Composer and improvising keyboardist William “WATIV” Thompson — Mississippi-born, New Orleans-based and an Iraq war veteran who I profiled for NPR in 2005 (podcast below) when he was posting laptop computer music he created in Bagdad during free time from his counterintelligence duties – made his first visit to New York City last week. I met him for coffee near New York University, saw him the next night at le Poisson Rouge hearing
electronics innovator Morton Subotnick and the night after that took him and his companion along with my NYU blues class to hear blues singer Shemekia Copeland perform in the Allen Room of Jazz at Lincoln Center. Thompson now likes New York.
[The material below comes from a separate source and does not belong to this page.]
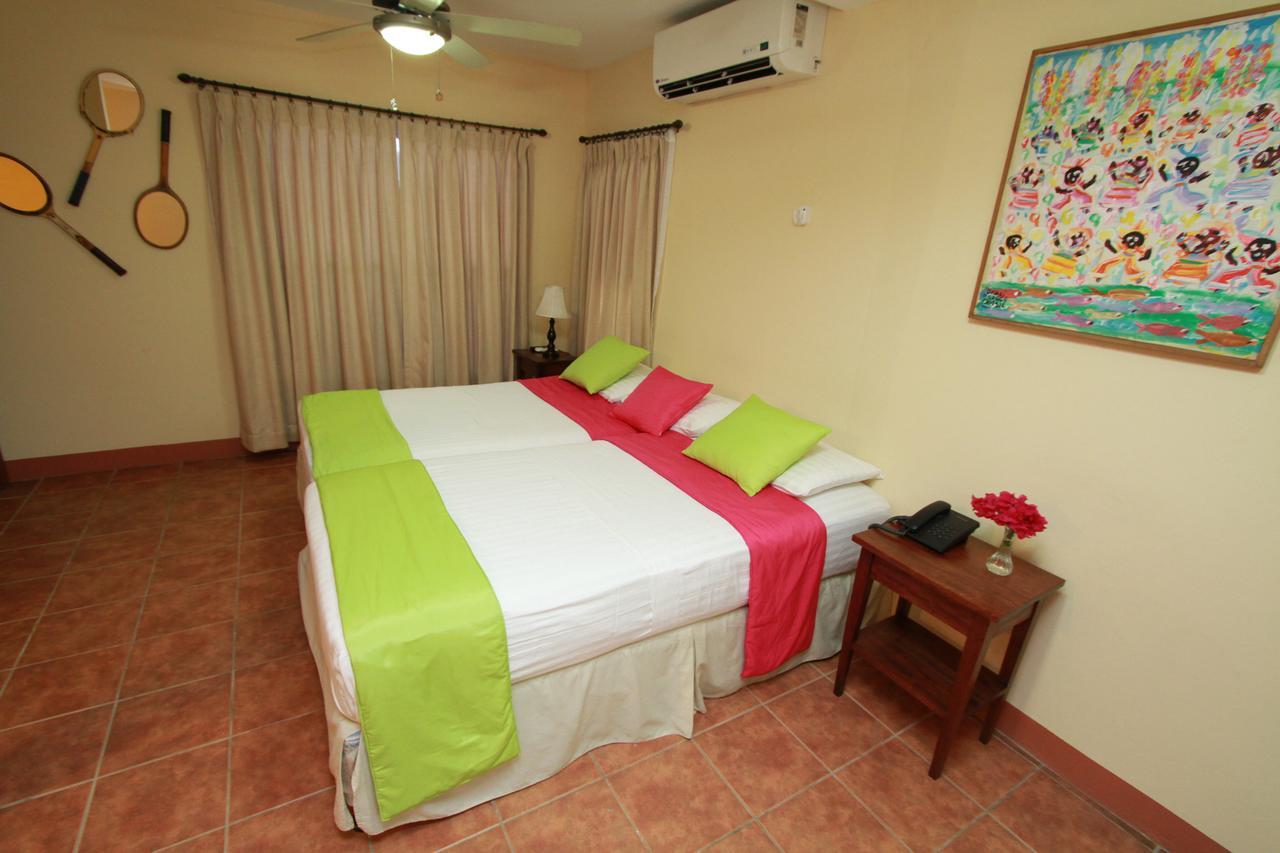 Hotel Colibri Managua Exterior photo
So much so that he was heading down to the Occupy Wall Street encampment at Zuccotti Park on Veterans Day to start on his next recording project: interviews of returned soldiers from Iraq and Afghanistan, which he’ll process to generate melodic motifs and be sonic aspects of works like those on Syntaxis, his just released quartet CD (with guitarist Christ Alfrod, drummer Simon Lott and bassist James Singleton). This is clearly jazz beyond jazz, another next step, improvised but structured and drawing on a wide, unpredictable sound palette. Thompson has an MA in jazz piano and was studying bebop with Ellis Marsalis before going to the Middle East, but what he’s doing now is expanding on the sounds he found and fiddled around with when he was there, having never been interested in electronic music or very far out abstraction before. He told me all that, and Viet Nam vet violinist Billy Bang commented on what he heard in WATIV’s Bagdad Music Journal, in my aforementioned All Things Considered piece.
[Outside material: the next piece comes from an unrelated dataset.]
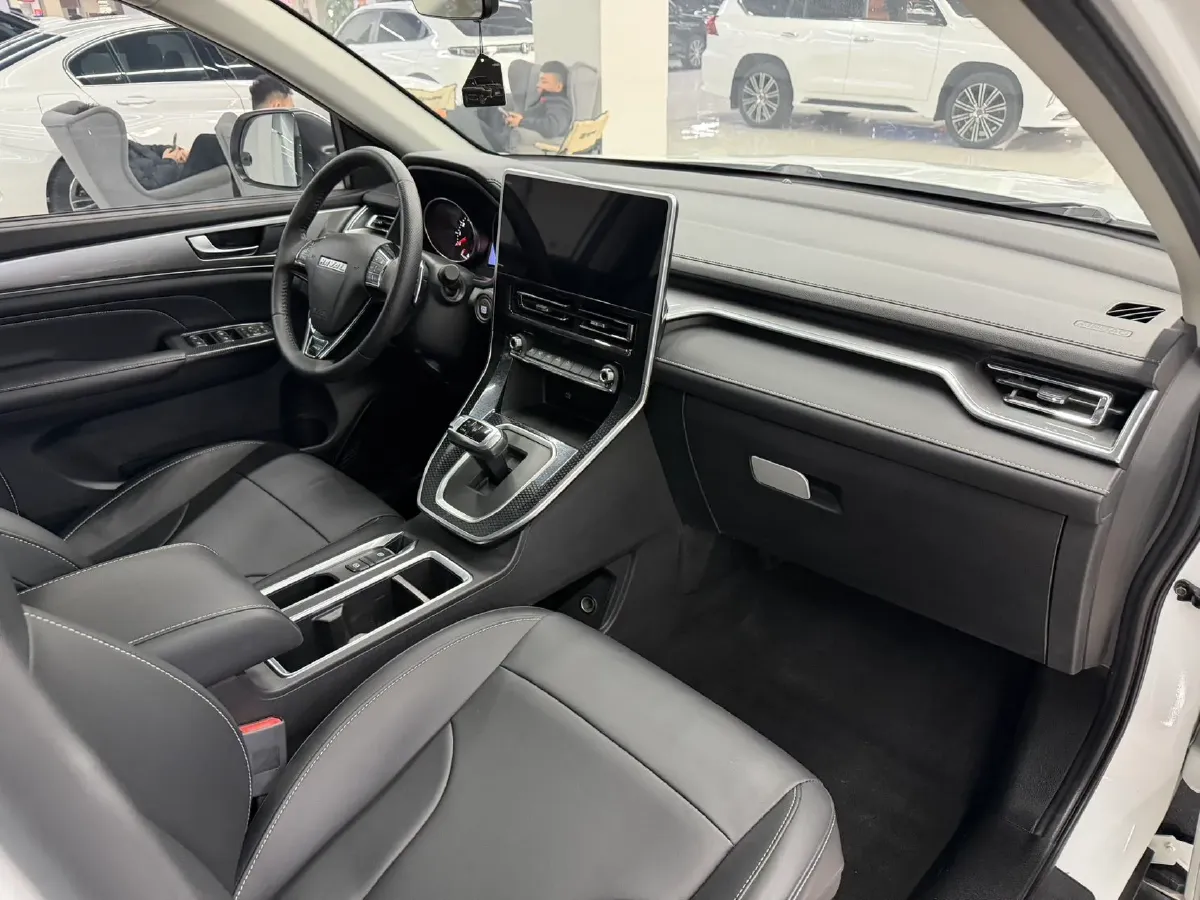 2021 Haval M6 1.5T 150HP L4 7DCT,autocango,china used car exporter,china ev exporter,chinese used car exporter,chinese used ev exporter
Thompson is a third-generation musician, Â raised on Fats Domino, Huey “Piano” Smith and Professor Longhair. He turned to decisively towards jazz modernism upon hearing Bill Evans. His work week back home currently includes teaching kids (which he enjoys), playing on Sundays for a church and occasional party gigs. But he says since being in Iraq (he was called up as part of a reserve unit he’d joined for the educational benefits and spent a year there, a tour extended by the military’s “stop-gap” policy) he doesn’t much like making music for people to drink to, which is the New Orleans commonplace. He says likes the idea of playing softly, so that the audience must lean in to listen. On the other hand, here he is with in foursome wearing Sun Ra headgear and tearing up at the Always Lounge.
It was great to meet Thompson face-to-face — we did the NPR interview by phone — because he’s open-minded, perceptive, engaged and original. He told me he’d always veered away from “free jazz” because of its cliche image as being all high energy (Chicago’s AACM branch excluded, he was quick to say, and WATIV credits drummer Alvin Fielder as a mentor — Fielder, a Mississippian, was nonetheless in Chicago and instrumental in the AACM’s founding). WATIV doesn’t exclude anything anymore and was taking full advantage of Manhattan’s cultural offerings. He’s excited about hearing Chick Corea in duet with Herbie Hancock at the Blue Note, night before Thanksgiving.